In regions with high-temperature aggregations, such as the Guancheng Hui District, which has constructed large industrial parks with massive heat emissions, it is recommended to plan and construct a Type 1 park covering hundreds of hectares with a considerable proportion of water bodies. This park facilitates a more effective reduction in the temperature and provides a cooler island for the surroundings by generating large $PCA$, $PCI$, and $PCG$ values.

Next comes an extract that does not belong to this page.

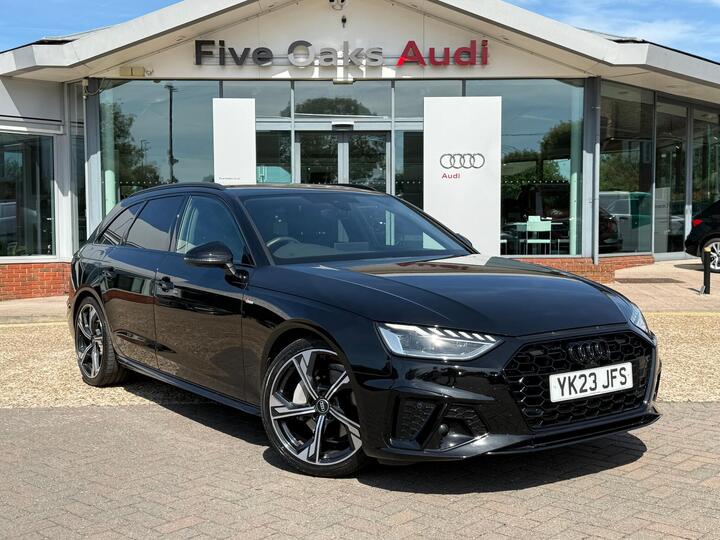 Audi A4 Avant 2.0 TFSI 40 Black Edition S Tronic Euro 6 (s/s) 5dr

In highly developed urban areas where space for construction is limited, the park size is often restricted. To optimize the cooling effect of parks on the surroundings, it is recommended to plan and construct Type 2 parks with areas under 19 ha. Increasing the proportion of green spaces by rationally unitizing various plant types, such as trees, shrubs, and grass, while decreasing the proportion of impermeable surfaces as appropriate is significant to achieve cost-effective PCIE. Moreover, if hydrological conditions allow, incorporating water bodies into the park’s landscape is recommended. Additionally, the constructions of green corridors that link fragmented and intricately shaped green spaces can increase cooling benefits per park unit (i.e., high $PCE$ value) and extend radiative services to encompass more distant residential areas.

4.4. Limitations of the Study

However, this study has a few limitations that need to be acknowledged. Firstly, there is an inadequate representation of diverse park features due to the small sample size of urban parks, which was restricted to only 35. For instance, there were only three Type 1 parks and four Type 3 parks. This limited number of parks may also affect the reliability of identifying key factors that influence the PCIE. Secondly, this study exclusively focused on the summer season characteristics of the PCIE. Although summers typically experience high temperatures and heat waves, previous studies have reported that PCIE and its key influencing factors vary across seasons [41,68]. Therefore, investigating the seasonal variations, even diurnal variations [69], of the PCIE is essential to gain a more comprehensive understanding when designing urban parks. Thirdly, previous studies revealed that the PCIE may differ according to the LCZ [29] and 3D building morphology [28]. It is necessary to delve deeper into understanding how various different LCZ types (e.g., open high-rises and compact low-rises) and 3D landscape features (such as building height and sky view factor) contribute to the PCIE.

5. Conclusions

This study evaluated the PCIE of 35 urban parks in Zhengzhou City from both spatial maximum and spatial accumulative perspectives by using Landsat 9 and Sentinel-2 satellite images. The influencing factors of the PCIE were also analyzed. The selected parks in this study demonstrated a significant PCIE, and the main influencing factors were the park area, landscape shape index, and proportion of vegetation area within the parks. In terms of the spatial maximum PCIE, the maximum cooling distance of the parks ranged from 76.95 to 243.96 m. Parks with larger areas and more complex shapes had higher $PCA$, but the $PCE$ values of parks with larger areas were generally smaller. For the spatial accumulation PCIE, the trends of the $PCI$ and $PCG$ were consistent, with the PCI of larger parks being higher. However, there was a threshold in the relationship between the $PCI$ and the area of parks. The $PCA$, $PCE$, $PCI$, and $PCG$ of different types of parks varied significantly. Parks with a larger proportion of water body area had relatively high $PCA$, $PCI$, and $PCG$ values. Conversely, parks with smaller areas but higher vegetation coverage exhibited the highest $PCE$, which makes them highly economical in exerting the PCIE. In the central urban area with limited spaces, by considering the service groups and functional needs of parks, the planning and design of parks with smaller areas, complex shapes, and a higher proportion of vegetation coverage can obtain higher cold island efficiency.